What is the maximum file size for /v1/jobs?

500MB. This covers virtually all practical use cases including long-duration video files. For files over 500MB, split before submitting (video: scene detection split; PDF: pdftk burst).

How long does a job stay available for download?

The job result is available for 24 hours after completion. The download URL itself expires after 1 hour — if your URL has expired, poll the job status again to get a fresh signed URL.

Can I cancel a job after submitting?

Yes — DELETE /v1/jobs/{job_id}. Jobs in the queued state cancel immediately. Jobs already in processing may complete before the cancel takes effect.

What is the poll interval I should use?

5 seconds for most conversions. For large video files (>100MB), 10-15 seconds is appropriate since conversions take minutes. Polling faster than 5s wastes API calls without improving latency.

Streaming Large File Conversions: Async Jobs API + Webhooks

The sync /v1/convert endpoint works well up to 20MB and 30s. Beyond that — large videos, 100-page PDFs, bulky PowerPoint files — you need the async jobs API. It decouples submission from completion, supports files up to 500MB, and plays well with serverless environments that have short request timeouts. This guide covers the two consumption patterns: polling and webhooks.

TL;DR — when to use /v1/jobs

Use the async jobs endpoint when:

File is over 20MB (images, documents) or 100MB (video/audio)
Expected conversion time exceeds 30s (long video transcode, 50+ page PDF)
Your runtime has a request timeout (Lambda at 30s, Cloudflare Workers at 30s, most load balancers at 60s)
You want webhook push instead of polling

Stick with /v1/convert for everything else — it's simpler and faster (no polling overhead).

Jobs API limits: 500MB max file size. Jobs expire after 24 hours. Download URLs are signed and expire after 1 hour — download promptly or re-poll to get a fresh URL.

Sync endpoint failure modes at large scale

The sync endpoint hits three walls with large files:

Timeout: A 200MB MP4 → WebM conversion takes 90-180s. The API's max sync timeout is 120s. Lambda's max is 15 min — but API Gateway in front of Lambda cuts it to 30s. You get a 504 gateway timeout with no output.
Memory pressure: Streaming a 200MB file through your application, holding the response in memory, and piping it to S3 — all at the same time — requires ~600MB RAM peak. On a 1GB Lambda function, this leaves little headroom.
No visibility: A slow sync request is a black box. You don't know if it's 10% done or 90% done. If you kill it, you waste the conversion.

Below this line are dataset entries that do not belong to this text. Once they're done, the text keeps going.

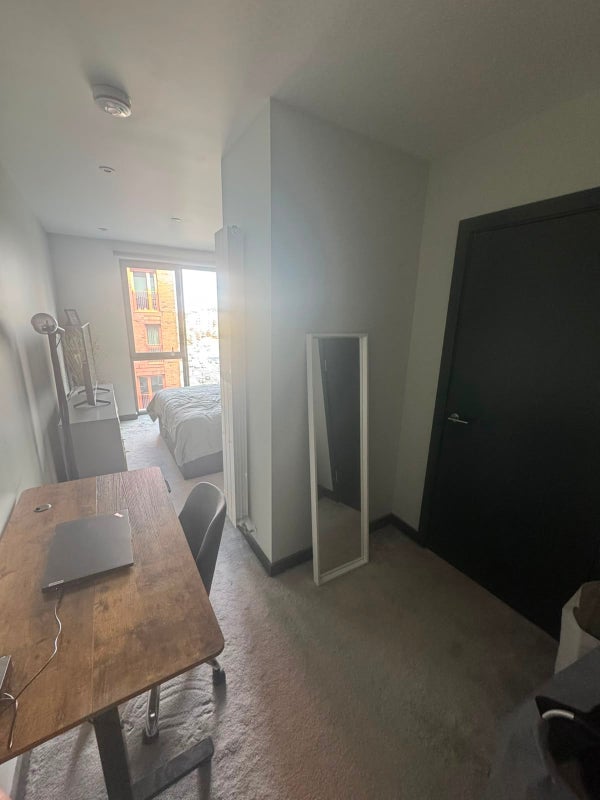 Room Swandon Way in Greater London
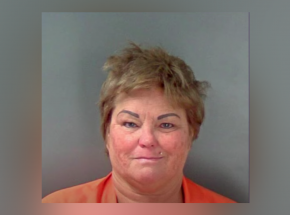 USA: kobieta oskarżona w związku z atakiem nożem na studentkę w autobusie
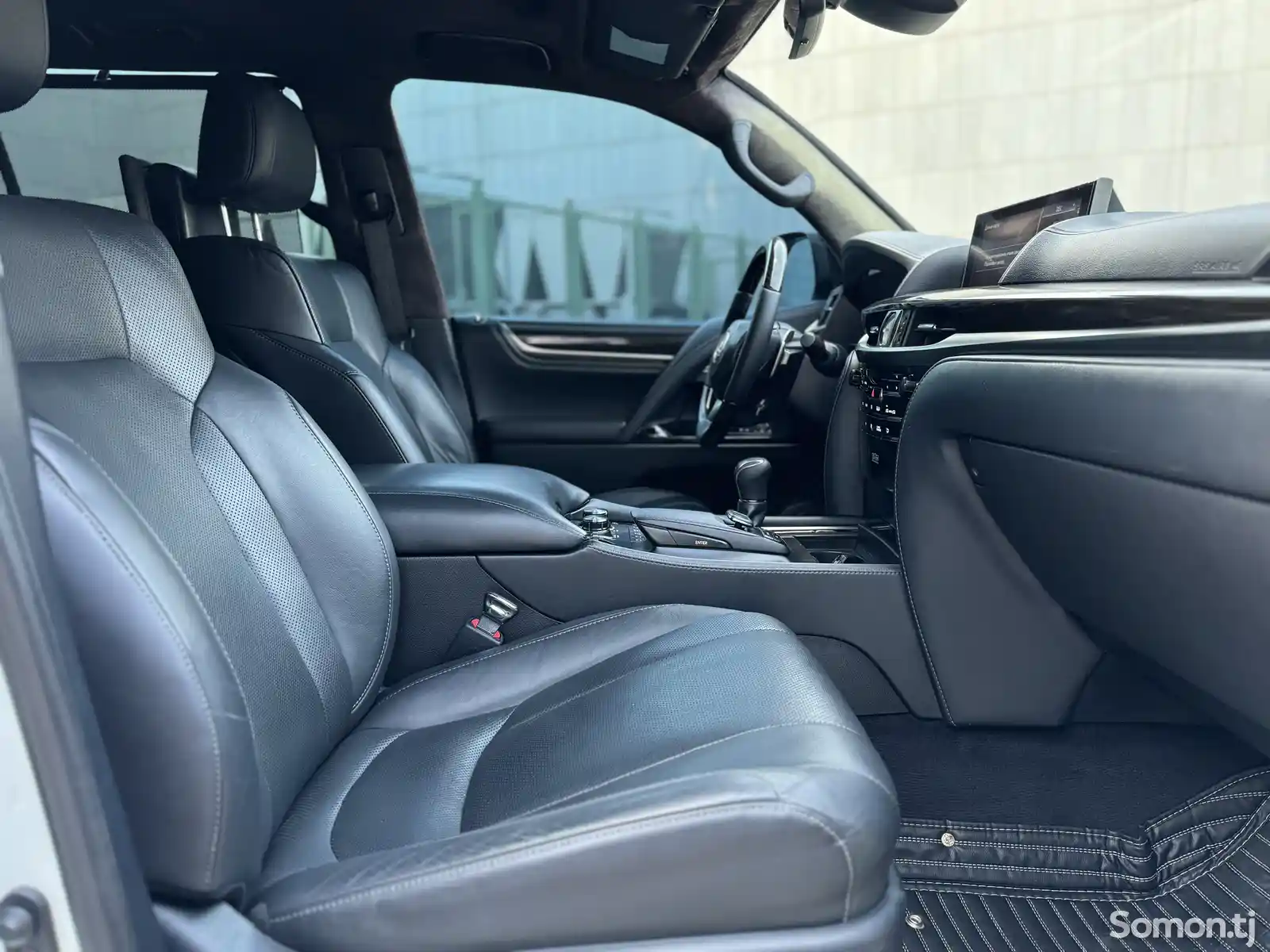 Lexus LX series, 2017-8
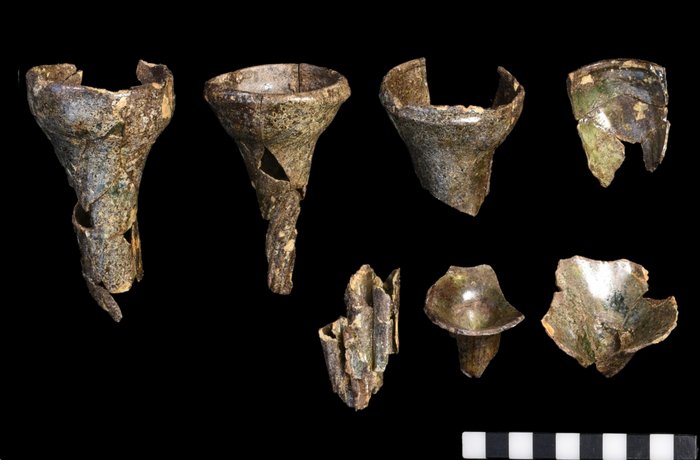 Abbildung 3: Zusammengesetzte Lampen aus Glas. © Landesamt für Denkmalpflege und Archäologie Sachsen-Anhalt, Vera Keil.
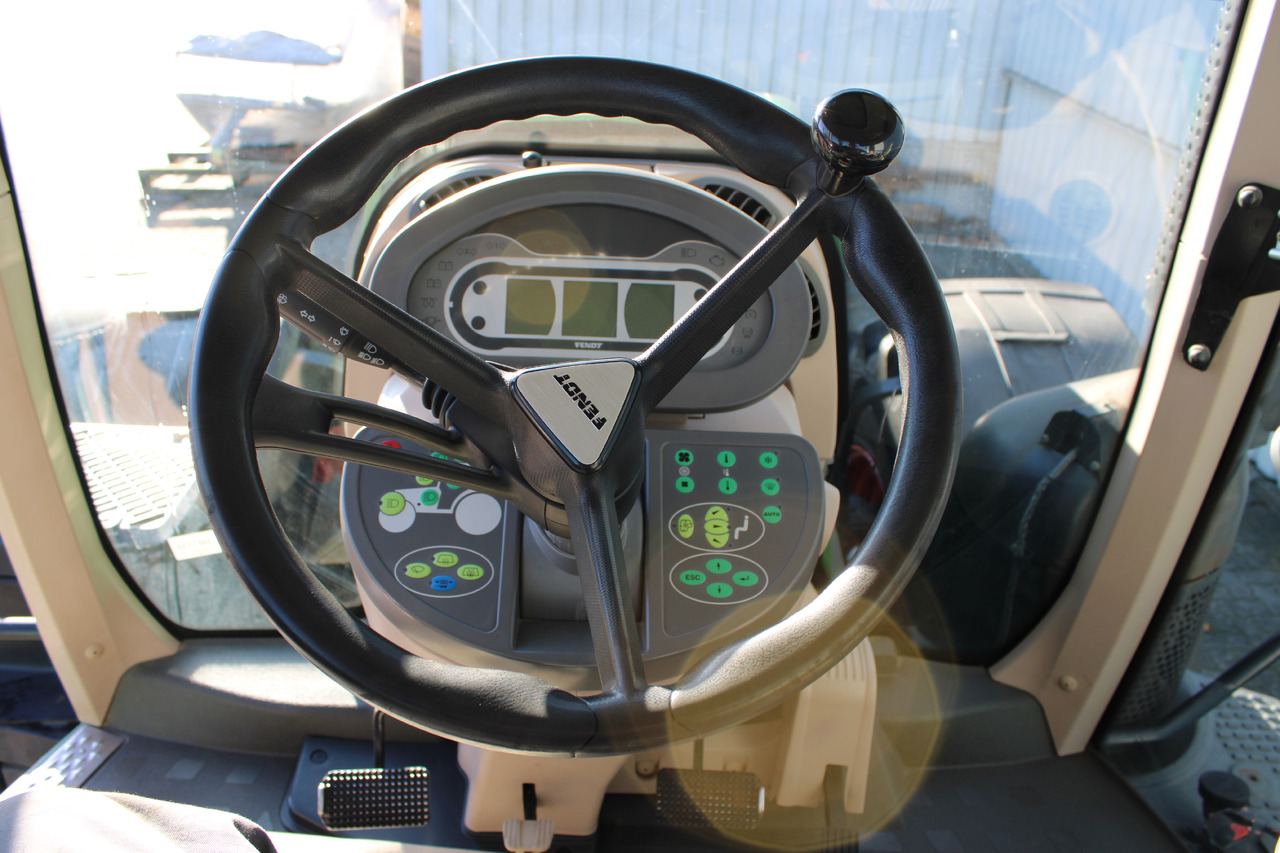 Fendt 828 Vario S4 Profi - Трактор: снимка 4 Fendt 828 Vario S4 Profi - Трактор: снимка 4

The async jobs API solves all three: you submit the file, disconnect, and poll (or receive a webhook) when ready.

Polling pattern: submit → poll → download

import asyncio
import os
from pathlib import Path

import httpx

API_KEY = os.environ['CTF_API_KEY']
JOBS_URL = 'https://changethisfile.com/v1/jobs'
HEADERS = {'Authorization': f'Bearer {API_KEY}'}


async def submit_job(client: httpx.AsyncClient, file_path: Path, target: str) -> str:
    """Submit a conversion job. Returns job_id."""
    content = file_path.read_bytes()
    resp = await client.post(
        JOBS_URL,
        headers=HEADERS,
        content=content,
        params={'target': target, 'filename': file_path.name},
        timeout=60,  # upload timeout only
    )
    resp.raise_for_status()
    return resp.json()['job_id']


async def poll_job(
    client: httpx.AsyncClient,
    job_id: str,
    poll_interval: float = 5.0,
    max_wait: float = 600.0,
) -> dict:
    """Poll until job completes. Returns final status dict."""
    waited = 0.0
    while waited < max_wait:
        resp = await client.get(
            f'{JOBS_URL}/{job_id}',
            headers=HEADERS,
            timeout=10,
        )
        resp.raise_for_status()
        status = resp.json()

        if status['state'] == 'done':
            return status
        elif status['state'] == 'failed':
            raise RuntimeError(f"Job {job_id} failed: {status.get('error', 'unknown')}")
        elif status['state'] in ('queued', 'processing'):
            # Optional: log progress
            pct = status.get('progress_pct', '?')
            print(f'Job {job_id}: {status["state"]} ({pct}%)')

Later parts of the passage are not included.